In my book and research, I talk about not only women who are poor and disadvantaged with these problems, which is unfair and horrible, but also middle-class women. I had a low birth weight baby. I was the health editor of Essence. I had great health insurance. My physician was my actual friend; I trusted her so we were shocked when I had this rare condition that caused me to have a baby who could fit in the palm of my hand. It happened to me, and I had done everything right.

You have both the research and first-hand experience with someone like Serena Williams, who is wealthy, has good healthcare, knows her body, and she's not heard or believed [after she gave birth to her daughter]. You know that both the lived experience of being Black in America is doing something to our bodies, plus the treatment in the healthcare system, even when we have resources, can be unfair and unkind.

RELATED: Serena Williams' Doctors Ignoring Her During Post-Birth Complications Has Many Calling Out The Deadly Racism In Medicine Black Women Face

BET.com: How can people better advocate for themselves? How can they ensure they are treated fairly by people in the healthcare system?

Linda Villarosa: If I go in with my loved one, I will ask questions and write things down. I am going to read about the procedure, problem or issue. I want them to talk to me about my loved ones. And if it is for me, I know that I am not always my best advocate when something's going on, and I might be afraid even though I have a lot of knowledge and I have a lot of courage, so I will bring someone else in to be my second ears and eyes. I am very cautious.
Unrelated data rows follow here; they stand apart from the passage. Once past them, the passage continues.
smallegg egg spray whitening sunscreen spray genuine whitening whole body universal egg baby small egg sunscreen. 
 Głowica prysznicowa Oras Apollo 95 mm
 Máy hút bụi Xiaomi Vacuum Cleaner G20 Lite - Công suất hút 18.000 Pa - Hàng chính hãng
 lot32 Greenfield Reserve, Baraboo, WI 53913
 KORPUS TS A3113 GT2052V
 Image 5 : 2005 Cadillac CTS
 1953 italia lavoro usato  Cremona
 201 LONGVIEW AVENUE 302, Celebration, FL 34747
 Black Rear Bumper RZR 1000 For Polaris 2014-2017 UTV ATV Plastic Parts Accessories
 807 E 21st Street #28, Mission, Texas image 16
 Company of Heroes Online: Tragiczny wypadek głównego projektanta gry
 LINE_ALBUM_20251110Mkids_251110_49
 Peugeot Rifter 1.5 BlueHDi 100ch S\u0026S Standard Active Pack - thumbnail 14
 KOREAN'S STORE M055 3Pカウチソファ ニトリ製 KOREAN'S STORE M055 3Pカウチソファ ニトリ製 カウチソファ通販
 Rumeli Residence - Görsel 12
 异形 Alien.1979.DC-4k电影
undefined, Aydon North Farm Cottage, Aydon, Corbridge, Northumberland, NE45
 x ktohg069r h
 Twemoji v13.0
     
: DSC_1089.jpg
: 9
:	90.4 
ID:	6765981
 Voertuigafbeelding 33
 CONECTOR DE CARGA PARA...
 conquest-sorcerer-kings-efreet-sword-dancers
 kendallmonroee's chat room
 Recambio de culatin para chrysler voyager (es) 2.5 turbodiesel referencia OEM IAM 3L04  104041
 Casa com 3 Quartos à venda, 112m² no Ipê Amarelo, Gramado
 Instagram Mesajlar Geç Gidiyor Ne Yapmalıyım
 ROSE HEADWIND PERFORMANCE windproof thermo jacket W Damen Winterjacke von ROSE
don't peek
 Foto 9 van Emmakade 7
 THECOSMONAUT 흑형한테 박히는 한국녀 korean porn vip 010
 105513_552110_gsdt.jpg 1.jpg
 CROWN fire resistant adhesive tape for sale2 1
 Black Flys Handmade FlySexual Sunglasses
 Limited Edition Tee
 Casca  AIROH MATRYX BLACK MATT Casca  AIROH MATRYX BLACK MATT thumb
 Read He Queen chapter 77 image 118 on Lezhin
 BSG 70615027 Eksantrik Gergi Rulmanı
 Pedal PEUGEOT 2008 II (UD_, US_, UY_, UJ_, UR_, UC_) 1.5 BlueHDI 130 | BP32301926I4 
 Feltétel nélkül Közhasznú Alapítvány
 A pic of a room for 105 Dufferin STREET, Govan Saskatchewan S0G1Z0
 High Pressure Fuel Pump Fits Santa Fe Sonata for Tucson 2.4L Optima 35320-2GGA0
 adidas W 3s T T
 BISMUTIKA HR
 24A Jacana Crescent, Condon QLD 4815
The next generation of health care professionals in America at medical schools and in medical training have been radicalized by Black Lives Matter. They were in high school or undergraduate college when we first started talking about Black Lives Matter and when we started seeing these police killings. Now, they are pushing back against some of their education that may be outdated and some of the racism that's baked into healthcare and in society. I've seen some energized young folks doing their best to make a difference and do things differently, which makes me happy.

I also see that there are hospital systems, state and national agencies, health commissions, and professional groups trying to incorporate antiracism in their training and practices and saying out loud that racism is a public health threat.

It is not about [our] race or something wrong with our culture or our bodies, but there's something wrong with a society that treats people badly and makes them ill.

“Under the Skin: The Hidden Toll of Racism on American Lives and on the Health of Our Nation” (Penguin Random House) by  Linda Villarosa is available at bookstores now.

Editor’s note: This interview has been edited and condensed for clarity.